Il Romanista – Roma perduta

E’ incredibile come con tutte le sconfitte, le brutte partite e gli errori anche grossolani fatti in campo e fuori, la Roma sia ancora oggi – e punti alla mano – in corsa per finire il campionato tra le prime cinque. La serie A ci ha consegnato un’infinità di occasioni per toccare il terzo posto proprio nel peggiore dei nostri momenti, fisici e di gioco. E tutto questo in una stagione dove abbiamo cambiato nove undicesimi della squadra (otto se gioca Taddei), l’allenatore, lo staff, e i proprietari. Non era questa la nostra stagione. Non eravamo partiti per essere tra gli attori principali della commedia. La crisi dell’Inter, il crollo del Napoli, della Lazio e dell’Udinese ci hanno galvanizzato e illuso.

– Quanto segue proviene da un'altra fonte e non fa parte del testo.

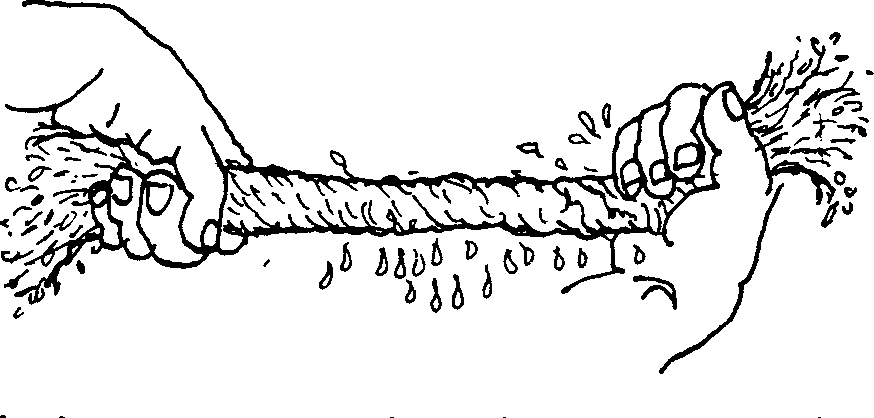 SELF-TEACHING MANUAL IN HAIR SHEEP PRODUCTION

Ci hanno fatto credere di avere tra le mani una squadra che avrebbe potuto a buon titolo competere. Ma in realtà non era un buon titolo era solo una buona sorte. Momentanea. Virtuale. Falsa. Siamo invece quelli che siamo. Diventeremo altro, mi auguro. Ma oggi siamo questi. Nervosi, inconcludenti, inesperti, sciatti. Se non ci fosse Totti il pallone neanche rotolerebbe da qualche parte. E’ così. Ed è così che ieri in un colpo solo abbiamo perso la partita, la testa, e un’ultima occasione per piegare la classifica alle nostre esagerate ambizioni.

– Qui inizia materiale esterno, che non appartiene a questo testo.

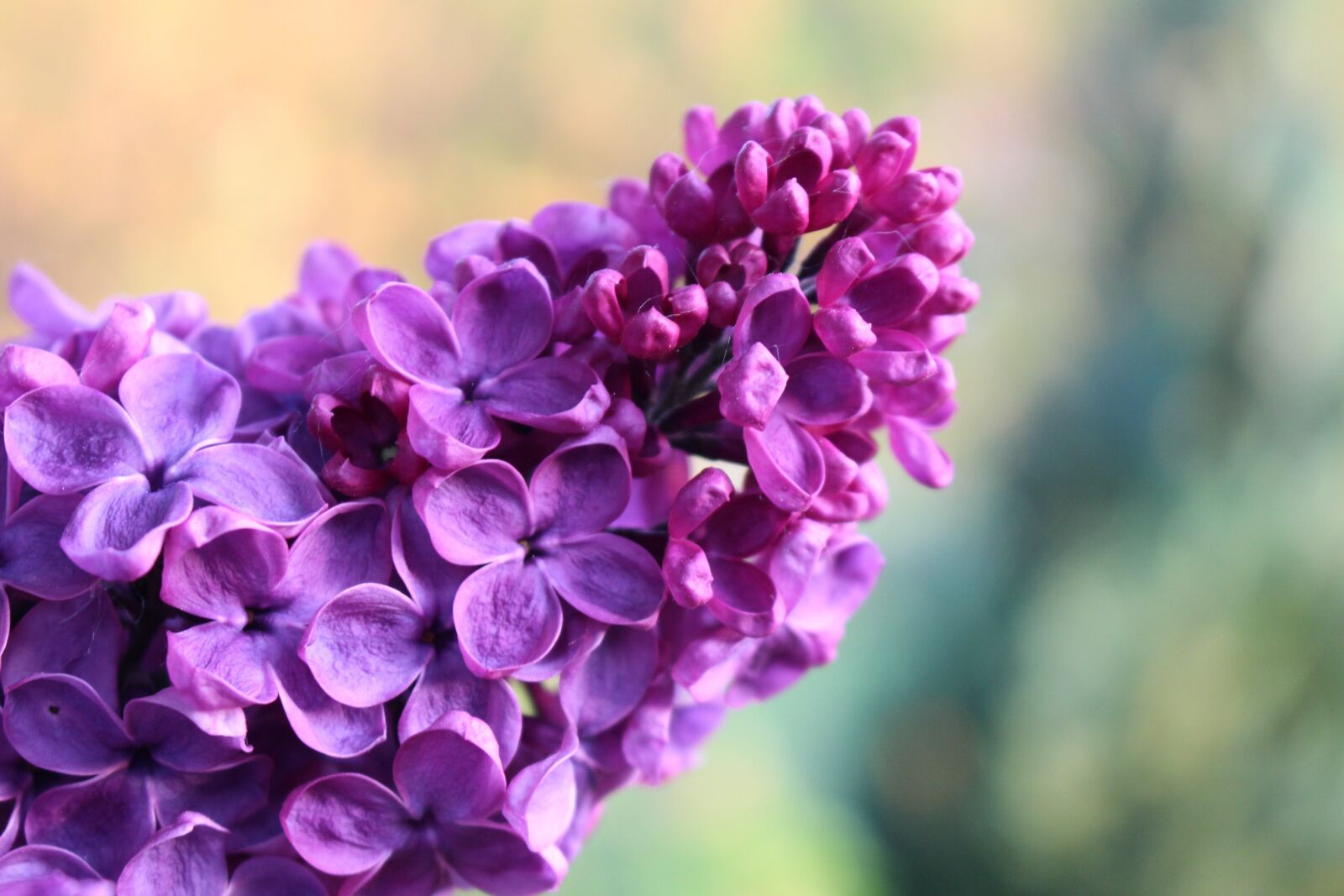Canon EOS 100D (EOS Rebel SL1 / EOS Kiss X7) sample photo. Lilac, spring, bloom photography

Un primo tempo di lanci lunghi, di valzer su se stessi, di assenza di idee e capacità. I cambi potevano essere fatti prima, questo sì. Visto che con Gago e Marquinho, ma anche Tallo, la Roma è stata diversa e realmente offensiva. Ma dopo il tiro al volo di sinistro di Totti, che poteva darci il 2 a 1, ci siamo nuovamente smarriti. Perduti quei pochi schemi, il fiato, e la calma necessaria per costruire azioni capaci di far male. Abbiamo collezionato nuove espulsioni e nuove decimazioni in vista della partita col Napoli. Ma la colpa della sconfitta, che ci “tarpa” le ali che non abbiamo, non è stata certo della panchina. Sputi, proteste esagerate, avversari che ti saltano continuamente come figli tutti di Maradona, non sono un difetto di Enrique. E’ di chi va in campo. E anche di chi ha pensato che alcuni di loro possano andarci con la maglia della Roma. Chiedere le dimissioni, spingere perchè l’asturiano si faccia da parte insieme a tutto il nuovo palazzo romanista, punzecchiare ad ogni conferenza stampa parlando indebitamente a nome dei tifosi è una sciocchezza.

E se accadesse sarebbe anche il più grave degli errori. Lo smarrimento allora sarebbe totale. La sconfitta irrecuperabile. La costruzione che indubbiamente c’è, ed è buona, si affloscerebbe. E il futuro diventerebbe passato. Ma per fortuna questo non avverrà facilmente.